Fraud Friday — SBA Borrower Guilty of Loan Fraud for Failing to Disclose Payroll Tax Liability
April 27, 2017
Fraud Friday — SBA Borrower Guilty of Loan Fraud for Failing to Disclose Payroll Tax Liability
By Bob Coleman
Editor, Fraud Friday
Guilty as charged Clinton Tackitt told the judge.
Clinton got a $1.5 million SBA-guaranteed loan for his business, Allied Roofing Systems, LLC, in 2012. Problem is the application to Missouri-based Guaranty Bank was “false and incomplete.”
The SBA 7(a) loan was charged off in 2016 to the tune of $1.2 million.
Clinton acknowledged he failed to disclose all of his “financial debts as required and failed to truthfully disclose an accurate financial status of his company or a complete listing of the debts he and his business owed.”

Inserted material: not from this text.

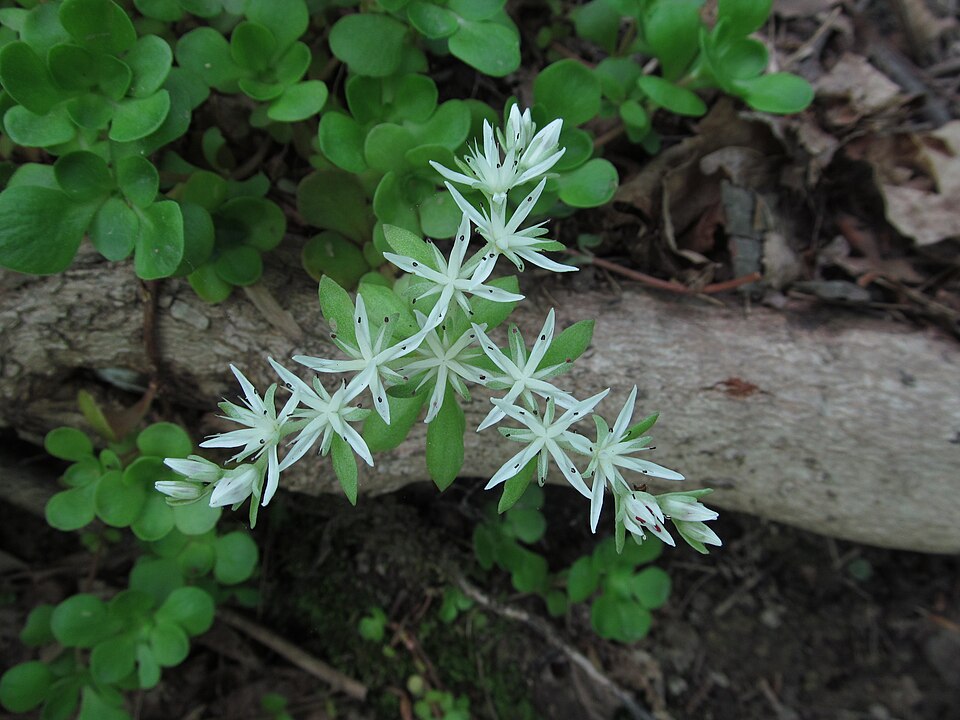 Sedum ternatum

The reality is the company was heavily in debt and was about to claim bankruptcy.
Tackitt also failed to disclose that a third party assisted him in the preparation and presentation of the application. (Sounds like a loan broker may not have followed 159 rules.)

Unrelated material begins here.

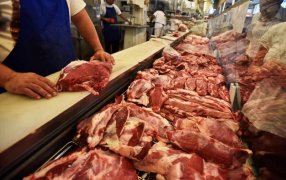 La brecha entre carne vacuna y de cerdo se acrecienta en cortes más populares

Clinton also admitted that he failed to pay over to the government $262,000 in payroll taxes that he collected from his employees. He also failed to pay over the employer’s share of FICA taxes, for a bill of almost $400,000.
Tackitt must forfeit to the government $1.3 million.
Anecdotally, in the piling on category, I love this line from the Springfield, Missouri Business Journal, “Allied Roofing also was cited for four safety violations in 2011 by the Occupational Safety and Health Administration for an Omaha, Neb., project where employees were exposed to fall hazards.”
Uh, it’s a roofing company OSHA.
One final observation. “The year before, Allied Roofing was honored as part of Springfield Business Journal’s Dynamic Dozen fastest growing companies. The company posted revenue of $6 million in 2010, ranking it No. 8 with three-year revenue growth of 42 percent.”
Reinforces the lesson to underwriters to ensure rapid growth is supported by sufficient equity and working capital.
Anyway, Clinton faces the obligatory 30 years in jail for loan fraud.